Task statement
Copy the complete listing exactly as shown.

Available data
---
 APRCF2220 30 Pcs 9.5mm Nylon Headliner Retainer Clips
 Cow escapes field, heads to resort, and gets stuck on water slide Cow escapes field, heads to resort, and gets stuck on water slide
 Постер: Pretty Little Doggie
---
Written answer
 APRCF2220 30 Pcs 9.5mm Nylon Headliner Retainer Clips
 Cow escapes field, heads to resort, and gets stuck on water slide Cow escapes field, heads to resort, and gets stuck on water slide
 Постер: Pretty Little Doggie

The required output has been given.